**Records for the task**
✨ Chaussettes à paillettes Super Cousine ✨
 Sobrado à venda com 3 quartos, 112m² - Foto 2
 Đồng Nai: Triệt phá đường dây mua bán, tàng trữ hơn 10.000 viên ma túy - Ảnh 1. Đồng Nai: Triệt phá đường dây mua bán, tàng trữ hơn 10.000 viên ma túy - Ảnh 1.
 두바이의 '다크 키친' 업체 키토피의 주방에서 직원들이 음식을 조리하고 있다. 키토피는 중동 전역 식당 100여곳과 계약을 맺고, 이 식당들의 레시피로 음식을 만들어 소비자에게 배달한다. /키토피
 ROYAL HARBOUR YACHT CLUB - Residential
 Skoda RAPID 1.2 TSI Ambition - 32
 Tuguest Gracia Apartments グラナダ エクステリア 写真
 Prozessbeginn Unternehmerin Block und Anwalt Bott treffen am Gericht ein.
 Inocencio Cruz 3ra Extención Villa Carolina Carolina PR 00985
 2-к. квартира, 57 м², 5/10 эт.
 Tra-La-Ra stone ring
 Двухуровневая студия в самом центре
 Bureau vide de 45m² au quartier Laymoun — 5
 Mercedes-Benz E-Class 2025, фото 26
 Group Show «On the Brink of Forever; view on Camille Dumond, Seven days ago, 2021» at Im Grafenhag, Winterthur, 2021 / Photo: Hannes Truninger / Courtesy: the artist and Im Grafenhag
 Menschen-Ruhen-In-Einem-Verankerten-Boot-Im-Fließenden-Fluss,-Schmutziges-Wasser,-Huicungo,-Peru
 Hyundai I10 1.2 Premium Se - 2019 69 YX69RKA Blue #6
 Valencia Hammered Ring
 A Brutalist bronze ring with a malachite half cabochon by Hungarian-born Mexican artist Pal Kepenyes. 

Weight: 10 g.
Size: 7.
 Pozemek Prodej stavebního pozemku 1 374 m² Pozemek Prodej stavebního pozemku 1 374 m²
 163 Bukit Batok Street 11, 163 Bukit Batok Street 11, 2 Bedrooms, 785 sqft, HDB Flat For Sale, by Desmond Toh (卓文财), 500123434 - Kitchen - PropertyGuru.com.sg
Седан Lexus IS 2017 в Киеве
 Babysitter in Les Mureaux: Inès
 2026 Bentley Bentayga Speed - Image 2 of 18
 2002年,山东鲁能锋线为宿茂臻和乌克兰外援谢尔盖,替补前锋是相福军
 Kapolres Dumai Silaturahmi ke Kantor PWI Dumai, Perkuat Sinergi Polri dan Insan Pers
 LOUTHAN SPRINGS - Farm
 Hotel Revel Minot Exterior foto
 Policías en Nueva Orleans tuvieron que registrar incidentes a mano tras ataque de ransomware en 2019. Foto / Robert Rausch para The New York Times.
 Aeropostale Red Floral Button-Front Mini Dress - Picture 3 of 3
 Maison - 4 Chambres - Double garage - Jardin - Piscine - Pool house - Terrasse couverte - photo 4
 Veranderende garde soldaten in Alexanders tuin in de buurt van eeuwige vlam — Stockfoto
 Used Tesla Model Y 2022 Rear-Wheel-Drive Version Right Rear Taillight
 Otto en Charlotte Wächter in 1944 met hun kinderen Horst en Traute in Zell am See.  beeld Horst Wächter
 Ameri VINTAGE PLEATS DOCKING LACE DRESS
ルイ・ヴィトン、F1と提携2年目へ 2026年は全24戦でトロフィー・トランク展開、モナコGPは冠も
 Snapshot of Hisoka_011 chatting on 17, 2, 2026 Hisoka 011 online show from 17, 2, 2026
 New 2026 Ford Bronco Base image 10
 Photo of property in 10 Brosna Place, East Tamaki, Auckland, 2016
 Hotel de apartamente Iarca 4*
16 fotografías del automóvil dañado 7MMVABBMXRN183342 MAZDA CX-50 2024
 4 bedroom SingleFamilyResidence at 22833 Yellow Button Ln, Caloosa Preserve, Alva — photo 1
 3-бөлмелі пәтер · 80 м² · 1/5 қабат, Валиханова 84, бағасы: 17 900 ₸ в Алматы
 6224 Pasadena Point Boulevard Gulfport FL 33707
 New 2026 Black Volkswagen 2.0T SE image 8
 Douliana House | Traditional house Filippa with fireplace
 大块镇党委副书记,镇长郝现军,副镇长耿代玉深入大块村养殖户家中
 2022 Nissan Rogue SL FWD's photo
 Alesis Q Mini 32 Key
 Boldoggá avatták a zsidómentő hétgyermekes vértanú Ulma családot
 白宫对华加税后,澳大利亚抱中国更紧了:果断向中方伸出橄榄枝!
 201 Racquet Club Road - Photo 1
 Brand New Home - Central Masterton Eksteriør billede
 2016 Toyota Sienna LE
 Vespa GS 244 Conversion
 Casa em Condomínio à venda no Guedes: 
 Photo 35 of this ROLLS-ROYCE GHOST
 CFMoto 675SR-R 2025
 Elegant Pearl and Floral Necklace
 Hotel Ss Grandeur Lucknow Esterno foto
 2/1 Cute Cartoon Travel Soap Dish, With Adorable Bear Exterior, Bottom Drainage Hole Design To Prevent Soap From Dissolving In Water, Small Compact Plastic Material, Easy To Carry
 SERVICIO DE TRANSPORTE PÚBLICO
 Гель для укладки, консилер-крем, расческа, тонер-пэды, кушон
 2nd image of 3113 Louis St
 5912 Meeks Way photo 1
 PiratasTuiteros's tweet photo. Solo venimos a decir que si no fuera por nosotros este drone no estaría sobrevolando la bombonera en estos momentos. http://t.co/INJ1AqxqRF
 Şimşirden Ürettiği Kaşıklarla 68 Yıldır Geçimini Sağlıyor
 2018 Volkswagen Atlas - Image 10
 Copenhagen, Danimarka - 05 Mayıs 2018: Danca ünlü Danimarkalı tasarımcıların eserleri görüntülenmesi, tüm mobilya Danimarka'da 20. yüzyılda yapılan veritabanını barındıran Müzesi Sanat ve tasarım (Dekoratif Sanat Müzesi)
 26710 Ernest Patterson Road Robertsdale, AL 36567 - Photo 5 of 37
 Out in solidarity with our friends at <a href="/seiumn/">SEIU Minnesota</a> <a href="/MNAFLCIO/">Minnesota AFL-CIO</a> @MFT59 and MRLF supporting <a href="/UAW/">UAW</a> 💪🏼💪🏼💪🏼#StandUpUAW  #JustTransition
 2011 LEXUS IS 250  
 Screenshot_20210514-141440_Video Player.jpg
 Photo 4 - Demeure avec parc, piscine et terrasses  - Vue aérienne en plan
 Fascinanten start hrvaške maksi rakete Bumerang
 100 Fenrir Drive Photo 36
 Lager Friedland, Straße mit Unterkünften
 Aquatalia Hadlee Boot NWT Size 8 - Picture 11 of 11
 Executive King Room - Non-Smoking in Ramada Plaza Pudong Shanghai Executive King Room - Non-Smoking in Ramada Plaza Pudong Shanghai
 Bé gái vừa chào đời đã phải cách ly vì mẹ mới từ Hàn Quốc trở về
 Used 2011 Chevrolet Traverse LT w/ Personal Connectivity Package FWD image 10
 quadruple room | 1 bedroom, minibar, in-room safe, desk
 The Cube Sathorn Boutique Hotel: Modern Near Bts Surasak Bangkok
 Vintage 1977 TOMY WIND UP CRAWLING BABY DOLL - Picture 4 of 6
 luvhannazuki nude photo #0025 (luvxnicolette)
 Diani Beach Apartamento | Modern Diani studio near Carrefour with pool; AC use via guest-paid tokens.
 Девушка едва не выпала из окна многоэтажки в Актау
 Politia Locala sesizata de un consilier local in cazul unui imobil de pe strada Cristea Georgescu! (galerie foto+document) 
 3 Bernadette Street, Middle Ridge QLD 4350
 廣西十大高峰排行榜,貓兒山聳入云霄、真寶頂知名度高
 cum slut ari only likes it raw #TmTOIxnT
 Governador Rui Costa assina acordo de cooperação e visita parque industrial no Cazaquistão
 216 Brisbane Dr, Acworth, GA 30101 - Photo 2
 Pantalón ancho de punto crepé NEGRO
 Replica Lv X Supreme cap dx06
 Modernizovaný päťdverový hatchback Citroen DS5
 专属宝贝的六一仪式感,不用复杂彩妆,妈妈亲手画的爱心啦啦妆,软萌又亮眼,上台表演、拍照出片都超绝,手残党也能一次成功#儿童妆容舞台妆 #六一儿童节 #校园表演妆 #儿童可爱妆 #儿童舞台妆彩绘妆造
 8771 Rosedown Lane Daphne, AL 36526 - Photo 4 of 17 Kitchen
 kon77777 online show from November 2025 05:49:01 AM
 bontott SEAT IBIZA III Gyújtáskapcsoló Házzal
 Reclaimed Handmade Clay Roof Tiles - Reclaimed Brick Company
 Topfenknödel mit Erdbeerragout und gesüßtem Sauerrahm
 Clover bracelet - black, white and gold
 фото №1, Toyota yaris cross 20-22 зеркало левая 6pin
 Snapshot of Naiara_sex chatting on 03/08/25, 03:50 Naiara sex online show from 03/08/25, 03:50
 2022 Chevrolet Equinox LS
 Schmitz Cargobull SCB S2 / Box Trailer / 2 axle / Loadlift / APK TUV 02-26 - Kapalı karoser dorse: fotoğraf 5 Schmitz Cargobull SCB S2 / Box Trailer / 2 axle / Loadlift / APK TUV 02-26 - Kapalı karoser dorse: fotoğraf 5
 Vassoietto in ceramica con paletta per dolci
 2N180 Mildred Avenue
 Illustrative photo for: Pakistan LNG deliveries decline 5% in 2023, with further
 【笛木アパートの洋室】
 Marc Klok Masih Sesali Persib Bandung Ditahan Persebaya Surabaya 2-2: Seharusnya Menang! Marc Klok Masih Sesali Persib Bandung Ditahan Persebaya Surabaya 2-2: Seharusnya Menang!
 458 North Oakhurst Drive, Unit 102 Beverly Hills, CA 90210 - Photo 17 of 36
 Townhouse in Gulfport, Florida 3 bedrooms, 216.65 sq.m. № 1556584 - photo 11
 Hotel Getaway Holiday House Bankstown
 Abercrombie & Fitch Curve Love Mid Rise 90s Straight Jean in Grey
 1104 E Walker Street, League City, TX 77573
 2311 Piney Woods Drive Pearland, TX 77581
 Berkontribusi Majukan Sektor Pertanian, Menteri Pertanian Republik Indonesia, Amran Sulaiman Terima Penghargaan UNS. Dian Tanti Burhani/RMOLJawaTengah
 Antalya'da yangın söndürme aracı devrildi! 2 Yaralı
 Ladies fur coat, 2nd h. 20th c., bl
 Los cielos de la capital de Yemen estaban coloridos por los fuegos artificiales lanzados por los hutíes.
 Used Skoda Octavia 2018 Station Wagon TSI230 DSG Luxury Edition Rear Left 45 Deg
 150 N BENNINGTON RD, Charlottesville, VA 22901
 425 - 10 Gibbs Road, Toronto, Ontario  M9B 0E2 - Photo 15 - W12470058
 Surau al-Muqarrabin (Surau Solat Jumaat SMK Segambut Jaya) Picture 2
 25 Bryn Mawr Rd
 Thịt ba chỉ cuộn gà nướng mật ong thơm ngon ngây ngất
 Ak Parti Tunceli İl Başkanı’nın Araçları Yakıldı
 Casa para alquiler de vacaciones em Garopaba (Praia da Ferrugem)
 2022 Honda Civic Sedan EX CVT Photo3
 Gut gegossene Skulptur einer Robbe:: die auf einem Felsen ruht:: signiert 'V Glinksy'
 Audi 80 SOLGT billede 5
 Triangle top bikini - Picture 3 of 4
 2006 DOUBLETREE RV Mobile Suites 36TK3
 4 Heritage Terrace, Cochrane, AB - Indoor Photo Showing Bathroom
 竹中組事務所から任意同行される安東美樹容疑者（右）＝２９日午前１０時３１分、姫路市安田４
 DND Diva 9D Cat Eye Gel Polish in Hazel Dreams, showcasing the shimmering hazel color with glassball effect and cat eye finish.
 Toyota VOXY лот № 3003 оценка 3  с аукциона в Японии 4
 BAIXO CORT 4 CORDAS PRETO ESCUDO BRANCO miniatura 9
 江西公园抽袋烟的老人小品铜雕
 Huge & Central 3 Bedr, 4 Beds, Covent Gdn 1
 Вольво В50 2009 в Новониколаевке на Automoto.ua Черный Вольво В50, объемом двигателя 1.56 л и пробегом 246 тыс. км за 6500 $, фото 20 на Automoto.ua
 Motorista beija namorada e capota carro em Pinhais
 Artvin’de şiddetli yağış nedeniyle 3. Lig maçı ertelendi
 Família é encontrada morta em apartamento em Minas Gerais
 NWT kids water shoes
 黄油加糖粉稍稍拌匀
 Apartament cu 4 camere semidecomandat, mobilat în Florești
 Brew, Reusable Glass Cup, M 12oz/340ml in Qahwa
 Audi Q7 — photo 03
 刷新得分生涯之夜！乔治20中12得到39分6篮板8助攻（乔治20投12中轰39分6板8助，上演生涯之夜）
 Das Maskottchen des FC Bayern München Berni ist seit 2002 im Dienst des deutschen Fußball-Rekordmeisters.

**Instructions for the task**
Answer with the number alone after working out how many lines in the records contain the string "Skoda".

**Answer below**
2